7.4. In the process of Claim 2, the additional feed of the liquefied vapour stream of the first separator to the top of the stripping column is used to wash down more of the CO2 and CH4 inside this column. The vapour in the stripping column is therefore more enriched in nitrogen, more especially as the vapour portion of this additional feed becomes part of the vapour stream leaving the stripping column. The first separator by splitting the incoming vapour into two streams, namely a liquid stream and a vapour stream which is then partially liquefied, reduces the energy requirement for liquefaction.
7.5. Thus, contrary to the Respondent's opinion, a functional relationship exists between feature (a) and features (c), (d), (f) and (g) of Claim 1, since all these features at least provide a vapour stream better suited for the NRU. Therefore, starting from the process known from document D1, one problem underlying the patent in suit can be seen in improving the known process so that, with respect to Claim 1, it operates more efficiently at lower available nitrogen concentrations and higher carbon dioxide concentrations.
With Claim 2, the same problems are solved, but priority is given to the second one, namely the high carbon dioxide concentration.
8. Inventive step
As seen above, document D1 does not suggest the first and second phase separation steps of the process.
Phase separation steps, arranged either upstream or downstream from a column, are per se well known in this technical field. Document D2, for example, shows both of them: It concerns a process for removing nitrogen from natural gases in which the incoming stream, after being partially condensed, is introduced into a phase separation so as to separate the bulk of the higher hydrocarbons and also some methane, as liquid, from nitrogen together with the rest of methane, as vapour. The vapour portion is passed to a rectification column (NRU), whereas the liquid is fed to the top of a stripping column which separates the heavy hydrocarbons from methane, both these products being then recovered as such. Thus, a first phase separation is disclosed in this prior art, upstream from a striping column. Another phase separation is also described at the bottom of the rectification column, thus downstream from said column; the vapour portion of this phase separation is returned to the rectification column as reflux vapour, whereas the liquid portion exists as methane product.
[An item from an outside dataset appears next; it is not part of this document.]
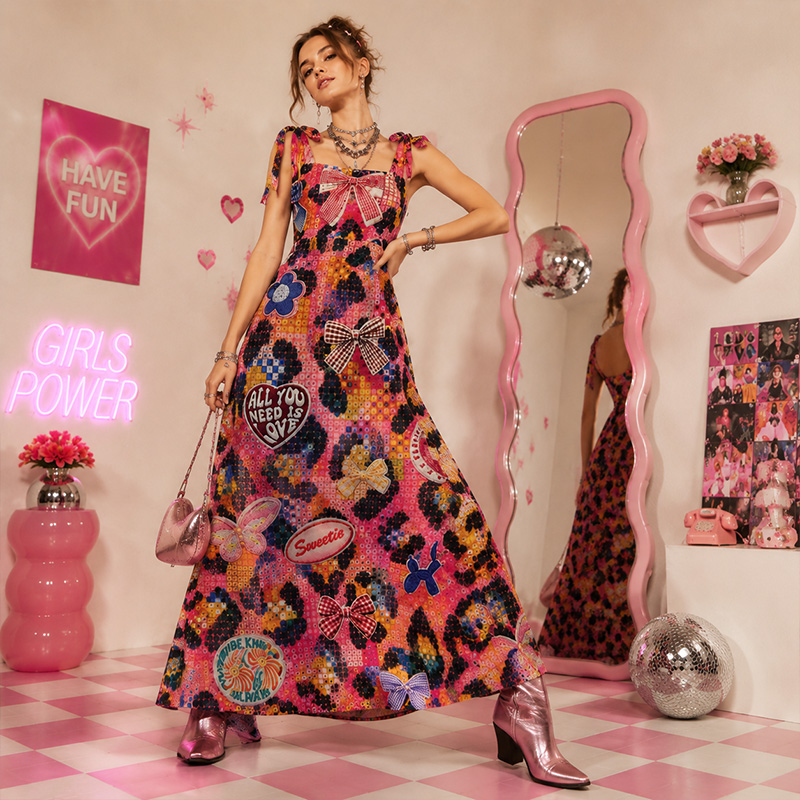 Personalized Y2K Leopard Woman Dress Tie-Shoulder Summer Vacation Dress Vintage Lace Print Dress Gift for Girlfriend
However, in this prior art, the stripping column has not the same function as the stripping column of the present invention. It concerns the removal of the higher hydrocarbons, which corresponds to a pretreatment of the incoming vapour of the present invention and is, therefore, not a step of the claimed process. Thus, the problems to be solved are not identical. The solutions are also different, since in document D2 the top vapour portion from the phase separator and the top vapour portion of the stripping column do not have the same destination, as is the case in the present invention.
It follows that the combination of a first phase separator upstream of a stripping column with a second phase separator downstream of this column, in order to increase the nitrogen concentration and to reduce the carbon dioxide concentration, is not suggested by document D2.
9. Therefore, the subject-matter of Claims 1 and 2 of the present invention involves an inventive step. Dependent Claims 3 to 12, which concern further embodiments of the process, are therefore also patentable.
For these reasons it is decided that:
1. The decision under appeal is set aside.
2. The case is remitted to the first instance with the order to maintain the patent on the basis of the documents, (see para. III above) presented at the oral proceedings.